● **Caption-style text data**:
▽
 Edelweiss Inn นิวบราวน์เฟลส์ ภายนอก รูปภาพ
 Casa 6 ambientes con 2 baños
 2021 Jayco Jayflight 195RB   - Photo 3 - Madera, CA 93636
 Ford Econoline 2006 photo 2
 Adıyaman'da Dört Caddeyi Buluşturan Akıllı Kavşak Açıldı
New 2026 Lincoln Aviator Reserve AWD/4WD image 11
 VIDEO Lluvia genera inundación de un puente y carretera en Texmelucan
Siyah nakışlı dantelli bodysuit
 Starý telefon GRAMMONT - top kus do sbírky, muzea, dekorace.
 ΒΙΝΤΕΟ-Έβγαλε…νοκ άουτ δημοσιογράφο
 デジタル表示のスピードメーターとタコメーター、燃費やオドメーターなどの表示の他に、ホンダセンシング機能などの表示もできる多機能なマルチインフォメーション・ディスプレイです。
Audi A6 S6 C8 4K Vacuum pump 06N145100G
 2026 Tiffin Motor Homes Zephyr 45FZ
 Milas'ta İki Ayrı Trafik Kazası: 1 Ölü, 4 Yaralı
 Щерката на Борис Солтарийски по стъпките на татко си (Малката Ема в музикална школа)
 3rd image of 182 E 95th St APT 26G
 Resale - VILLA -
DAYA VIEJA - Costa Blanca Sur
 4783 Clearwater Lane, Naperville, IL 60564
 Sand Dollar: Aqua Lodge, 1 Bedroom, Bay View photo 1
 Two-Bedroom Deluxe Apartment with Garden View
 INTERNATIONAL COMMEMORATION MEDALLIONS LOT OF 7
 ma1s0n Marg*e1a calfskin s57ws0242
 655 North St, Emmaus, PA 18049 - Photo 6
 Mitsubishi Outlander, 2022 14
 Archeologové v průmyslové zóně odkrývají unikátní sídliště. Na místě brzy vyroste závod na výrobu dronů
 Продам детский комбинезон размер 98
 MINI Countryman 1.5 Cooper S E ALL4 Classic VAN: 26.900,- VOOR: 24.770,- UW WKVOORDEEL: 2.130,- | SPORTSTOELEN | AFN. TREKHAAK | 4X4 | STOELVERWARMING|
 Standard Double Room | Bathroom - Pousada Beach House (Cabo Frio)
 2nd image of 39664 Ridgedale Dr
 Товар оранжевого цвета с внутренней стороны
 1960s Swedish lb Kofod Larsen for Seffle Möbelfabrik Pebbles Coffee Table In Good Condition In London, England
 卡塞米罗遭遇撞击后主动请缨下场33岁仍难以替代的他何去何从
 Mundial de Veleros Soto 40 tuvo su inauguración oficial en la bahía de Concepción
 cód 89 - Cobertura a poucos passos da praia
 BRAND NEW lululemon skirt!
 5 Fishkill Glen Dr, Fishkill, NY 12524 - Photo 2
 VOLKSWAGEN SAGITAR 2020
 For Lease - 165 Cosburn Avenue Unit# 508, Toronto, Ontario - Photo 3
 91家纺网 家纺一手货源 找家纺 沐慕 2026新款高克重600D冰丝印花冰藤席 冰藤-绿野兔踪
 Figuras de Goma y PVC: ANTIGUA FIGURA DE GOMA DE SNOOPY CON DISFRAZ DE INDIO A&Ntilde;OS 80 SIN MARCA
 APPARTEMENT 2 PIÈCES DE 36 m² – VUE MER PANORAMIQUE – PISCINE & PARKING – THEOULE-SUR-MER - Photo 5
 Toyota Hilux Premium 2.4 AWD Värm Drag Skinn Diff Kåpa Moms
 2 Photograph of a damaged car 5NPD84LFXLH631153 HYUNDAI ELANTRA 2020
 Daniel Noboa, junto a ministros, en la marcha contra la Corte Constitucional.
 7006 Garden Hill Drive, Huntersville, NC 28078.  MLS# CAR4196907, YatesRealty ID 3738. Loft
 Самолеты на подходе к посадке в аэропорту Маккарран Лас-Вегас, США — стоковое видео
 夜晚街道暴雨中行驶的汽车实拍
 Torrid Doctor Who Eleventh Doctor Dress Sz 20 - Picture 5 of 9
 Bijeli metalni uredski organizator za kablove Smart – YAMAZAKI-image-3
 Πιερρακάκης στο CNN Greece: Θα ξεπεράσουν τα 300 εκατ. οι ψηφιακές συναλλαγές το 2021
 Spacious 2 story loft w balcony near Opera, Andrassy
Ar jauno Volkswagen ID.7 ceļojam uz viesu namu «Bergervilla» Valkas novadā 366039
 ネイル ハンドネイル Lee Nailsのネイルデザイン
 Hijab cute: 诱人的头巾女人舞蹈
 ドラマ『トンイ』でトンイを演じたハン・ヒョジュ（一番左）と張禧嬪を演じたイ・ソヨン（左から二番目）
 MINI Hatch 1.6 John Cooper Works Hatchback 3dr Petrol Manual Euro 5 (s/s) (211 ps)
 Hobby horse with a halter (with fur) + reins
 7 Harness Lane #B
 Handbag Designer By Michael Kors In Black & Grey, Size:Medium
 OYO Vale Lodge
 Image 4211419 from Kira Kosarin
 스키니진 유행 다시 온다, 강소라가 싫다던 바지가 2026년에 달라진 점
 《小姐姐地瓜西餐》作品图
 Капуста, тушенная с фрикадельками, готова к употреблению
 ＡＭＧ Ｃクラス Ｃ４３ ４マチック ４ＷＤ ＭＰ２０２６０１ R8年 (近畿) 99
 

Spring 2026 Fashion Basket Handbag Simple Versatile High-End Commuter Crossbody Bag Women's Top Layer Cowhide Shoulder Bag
△
● **Work instruction**:
Print each entry above exactly as given.

● **Completed exercise**:
 Edelweiss Inn นิวบราวน์เฟลส์ ภายนอก รูปภาพ
 Casa 6 ambientes con 2 baños
 2021 Jayco Jayflight 195RB   - Photo 3 - Madera, CA 93636
 Ford Econoline 2006 photo 2
 Adıyaman'da Dört Caddeyi Buluşturan Akıllı Kavşak Açıldı
New 2026 Lincoln Aviator Reserve AWD/4WD image 11
 VIDEO Lluvia genera inundación de un puente y carretera en Texmelucan
Siyah nakışlı dantelli bodysuit
 Starý telefon GRAMMONT - top kus do sbírky, muzea, dekorace.
 ΒΙΝΤΕΟ-Έβγαλε…νοκ άουτ δημοσιογράφο
 デジタル表示のスピードメーターとタコメーター、燃費やオドメーターなどの表示の他に、ホンダセンシング機能などの表示もできる多機能なマルチインフォメーション・ディスプレイです。
Audi A6 S6 C8 4K Vacuum pump 06N145100G
 2026 Tiffin Motor Homes Zephyr 45FZ
 Milas'ta İki Ayrı Trafik Kazası: 1 Ölü, 4 Yaralı
 Щерката на Борис Солтарийски по стъпките на татко си (Малката Ема в музикална школа)
 3rd image of 182 E 95th St APT 26G
 Resale - VILLA -
DAYA VIEJA - Costa Blanca Sur
 4783 Clearwater Lane, Naperville, IL 60564
 Sand Dollar: Aqua Lodge, 1 Bedroom, Bay View photo 1
 Two-Bedroom Deluxe Apartment with Garden View
 INTERNATIONAL COMMEMORATION MEDALLIONS LOT OF 7
 ma1s0n Marg*e1a calfskin s57ws0242
 655 North St, Emmaus, PA 18049 - Photo 6
 Mitsubishi Outlander, 2022 14
 Archeologové v průmyslové zóně odkrývají unikátní sídliště. Na místě brzy vyroste závod na výrobu dronů
 Продам детский комбинезон размер 98
 MINI Countryman 1.5 Cooper S E ALL4 Classic VAN: 26.900,- VOOR: 24.770,- UW WKVOORDEEL: 2.130,- | SPORTSTOELEN | AFN. TREKHAAK | 4X4 | STOELVERWARMING|
 Standard Double Room | Bathroom - Pousada Beach House (Cabo Frio)
 2nd image of 39664 Ridgedale Dr
 Товар оранжевого цвета с внутренней стороны
 1960s Swedish lb Kofod Larsen for Seffle Möbelfabrik Pebbles Coffee Table In Good Condition In London, England
 卡塞米罗遭遇撞击后主动请缨下场33岁仍难以替代的他何去何从
 Mundial de Veleros Soto 40 tuvo su inauguración oficial en la bahía de Concepción
 cód 89 - Cobertura a poucos passos da praia
 BRAND NEW lululemon skirt!
 5 Fishkill Glen Dr, Fishkill, NY 12524 - Photo 2
 VOLKSWAGEN SAGITAR 2020
 For Lease - 165 Cosburn Avenue Unit# 508, Toronto, Ontario - Photo 3
 91家纺网 家纺一手货源 找家纺 沐慕 2026新款高克重600D冰丝印花冰藤席 冰藤-绿野兔踪
 Figuras de Goma y PVC: ANTIGUA FIGURA DE GOMA DE SNOOPY CON DISFRAZ DE INDIO A&Ntilde;OS 80 SIN MARCA
 APPARTEMENT 2 PIÈCES DE 36 m² – VUE MER PANORAMIQUE – PISCINE & PARKING – THEOULE-SUR-MER - Photo 5
 Toyota Hilux Premium 2.4 AWD Värm Drag Skinn Diff Kåpa Moms
 2 Photograph of a damaged car 5NPD84LFXLH631153 HYUNDAI ELANTRA 2020
 Daniel Noboa, junto a ministros, en la marcha contra la Corte Constitucional.
 7006 Garden Hill Drive, Huntersville, NC 28078.  MLS# CAR4196907, YatesRealty ID 3738. Loft
 Самолеты на подходе к посадке в аэропорту Маккарран Лас-Вегас, США — стоковое видео
 夜晚街道暴雨中行驶的汽车实拍
 Torrid Doctor Who Eleventh Doctor Dress Sz 20 - Picture 5 of 9
 Bijeli metalni uredski organizator za kablove Smart – YAMAZAKI-image-3
 Πιερρακάκης στο CNN Greece: Θα ξεπεράσουν τα 300 εκατ. οι ψηφιακές συναλλαγές το 2021
 Spacious 2 story loft w balcony near Opera, Andrassy
Ar jauno Volkswagen ID.7 ceļojam uz viesu namu «Bergervilla» Valkas novadā 366039
 ネイル ハンドネイル Lee Nailsのネイルデザイン
 Hijab cute: 诱人的头巾女人舞蹈
 ドラマ『トンイ』でトンイを演じたハン・ヒョジュ（一番左）と張禧嬪を演じたイ・ソヨン（左から二番目）
 MINI Hatch 1.6 John Cooper Works Hatchback 3dr Petrol Manual Euro 5 (s/s) (211 ps)
 Hobby horse with a halter (with fur) + reins
 7 Harness Lane #B
 Handbag Designer By Michael Kors In Black & Grey, Size:Medium
 OYO Vale Lodge
 Image 4211419 from Kira Kosarin
 스키니진 유행 다시 온다, 강소라가 싫다던 바지가 2026년에 달라진 점
 《小姐姐地瓜西餐》作品图
 Капуста, тушенная с фрикадельками, готова к употреблению
 ＡＭＧ Ｃクラス Ｃ４３ ４マチック ４ＷＤ ＭＰ２０２６０１ R8年 (近畿) 99
 

Spring 2026 Fashion Basket Handbag Simple Versatile High-End Commuter Crossbody Bag Women's Top Layer Cowhide Shoulder Bag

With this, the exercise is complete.